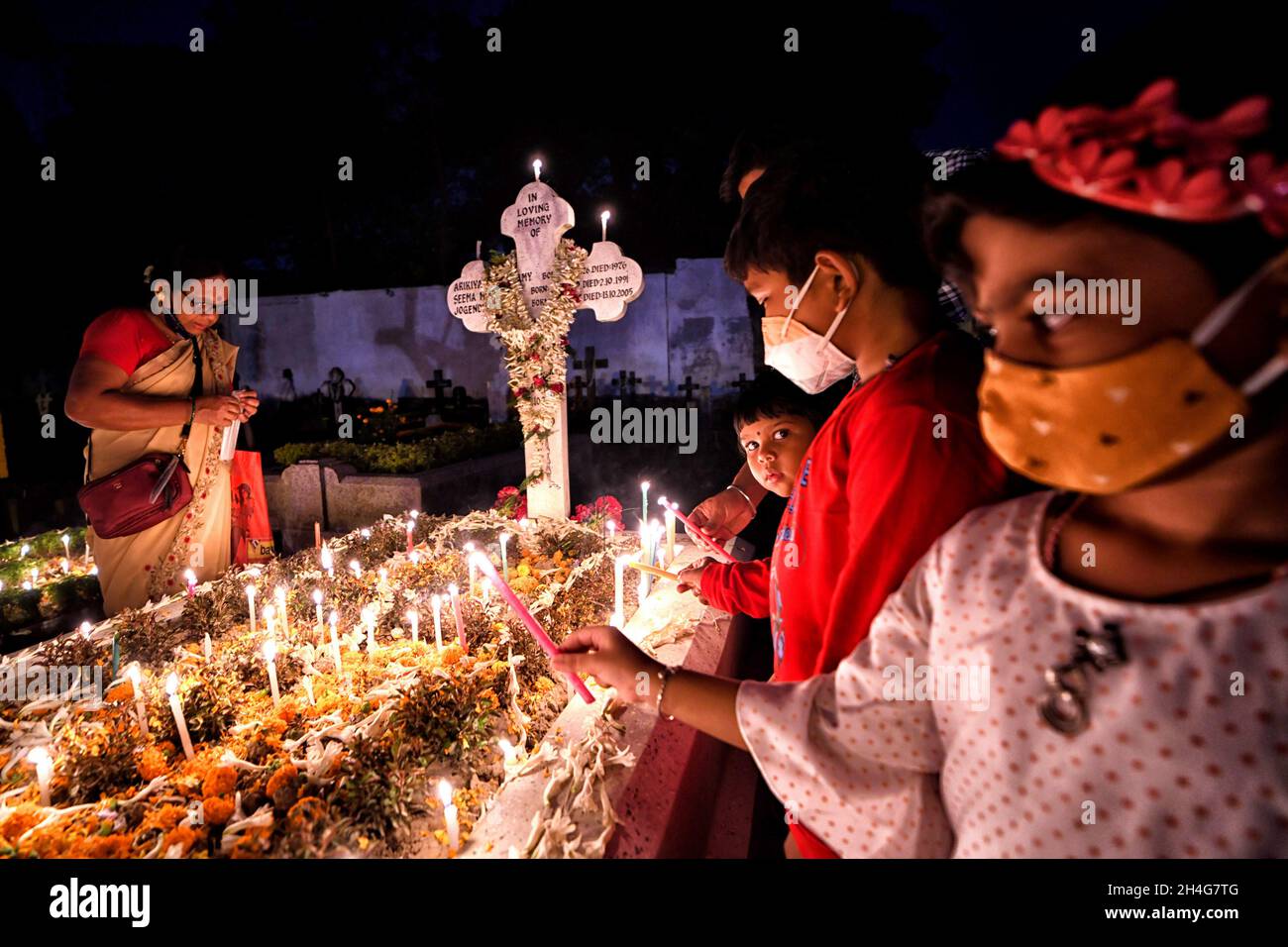 I bambini si accingono le candele accanto alla tomba del loro parente durante il giorno di tutte le anime a Kolkata.i devoti cristiani si radunano alle tombe dei loro cari nel cimitero con candele accese e fiori durante il giorno di tutte le anime. Un giorno in cui i cristiani ricordano i loro amici e parenti, che sono passati via. Ciò deriva da un'antica credenza che le anime dei morti ritorneranno, in questo giorno particolare, ad avere un pasto con la loro famiglia e amici. Le candele sono illuminate per guidare le anime alla loro casa per il pasto. (Foto di Avishek Das/SOPA Images/Sipa USA) Foto Stock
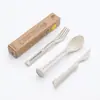 Paja de trigo tres en uno cuchillo y tenedor cuchara portátil para el hogar cuchara de plástico Tenedor trigo juego de cubiertos para comida occidental al por mayor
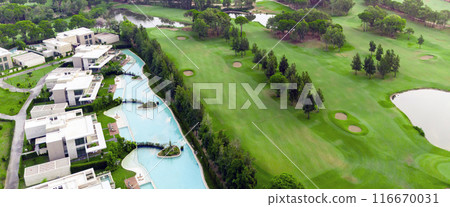 Aerial view of golf course and luxury villas in Belek, Turkey. Scenic panoramic view of golf fairway 116670031
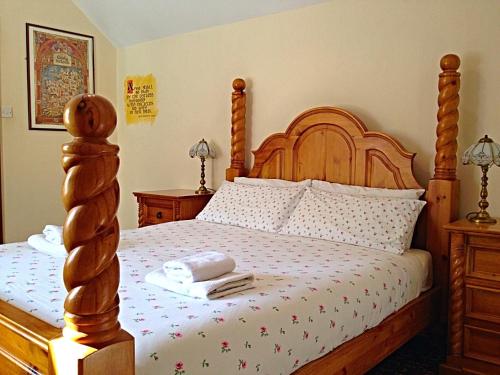 卡舍尔Cashel Town Center INN的一间卧室配有一张木床和木制床头板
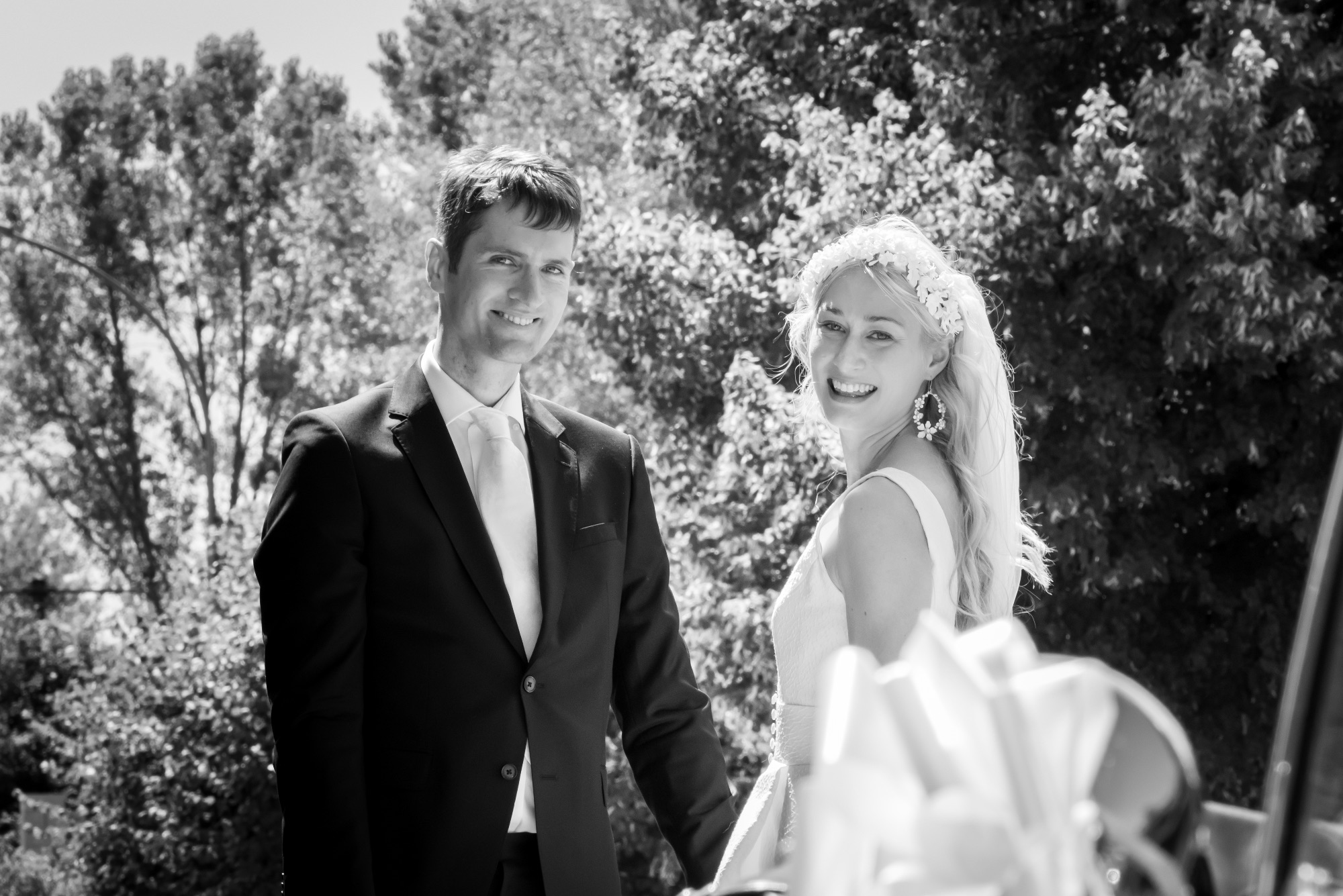 Couple de mariés souriant en extérieur, photo en noir et blanc.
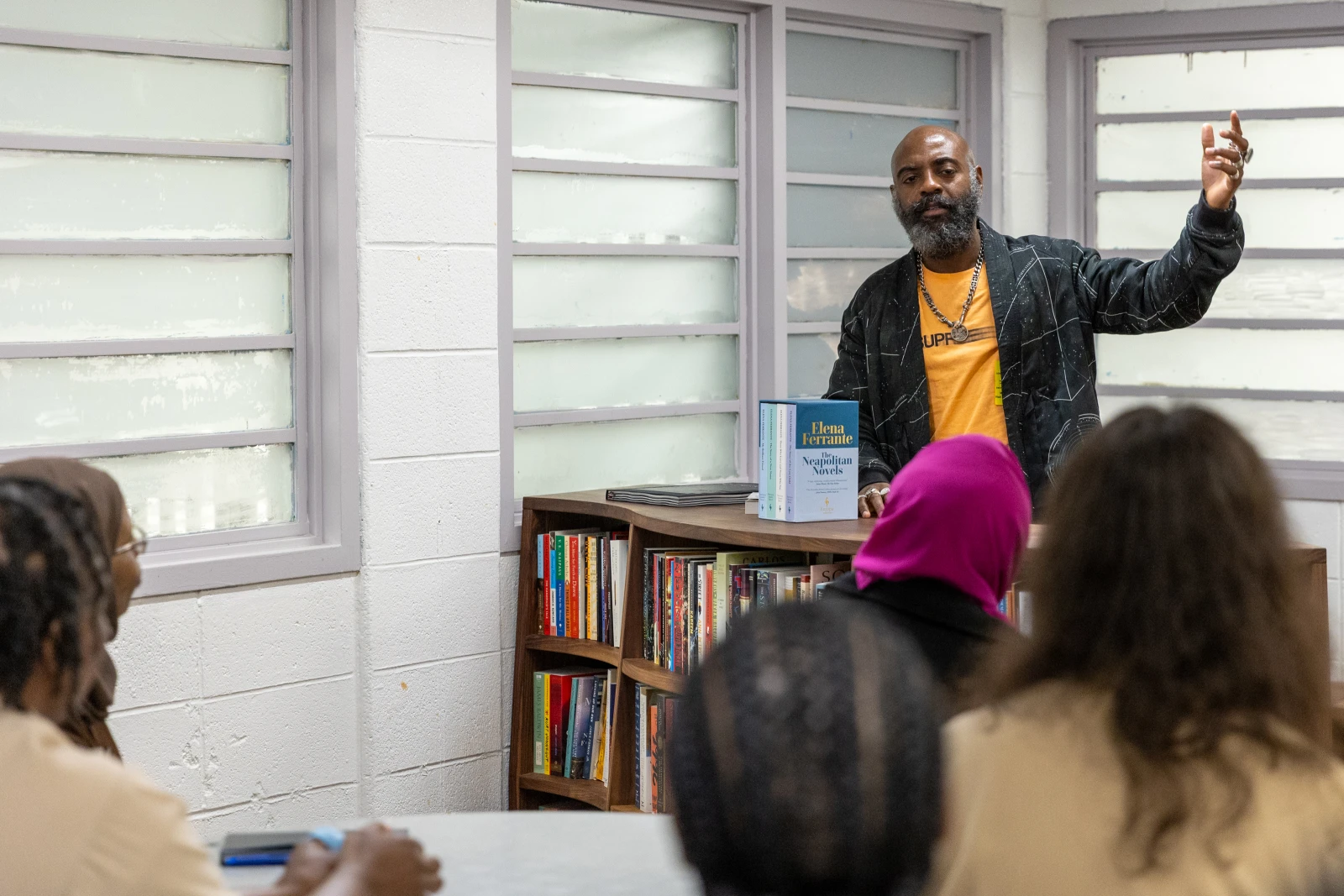 Freedom Reads Founder & CEO Reginald Dwayne Betts speaks at a Freedom Library opening at Edna Mahan Correctional Facility. Dwayne wearing a yellow shirt and black jacket speaking in front of newly opened freedom library wooden bookshelves at a women's prison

▬▬▬▬▬▬

What is needed: Leave every picture out, and repeat exactly the lines from the one containing "卡舍尔Cashel Town Center INN的一间卧室配有一张木床和木制床头板" through the last line of the entries, both ends included.

Task response:
 卡舍尔Cashel Town Center INN的一间卧室配有一张木床和木制床头板
 Couple de mariés souriant en extérieur, photo en noir et blanc.
 Freedom Reads Founder & CEO Reginald Dwayne Betts speaks at a Freedom Library opening at Edna Mahan Correctional Facility. Dwayne wearing a yellow shirt and black jacket speaking in front of newly opened freedom library wooden bookshelves at a women's prison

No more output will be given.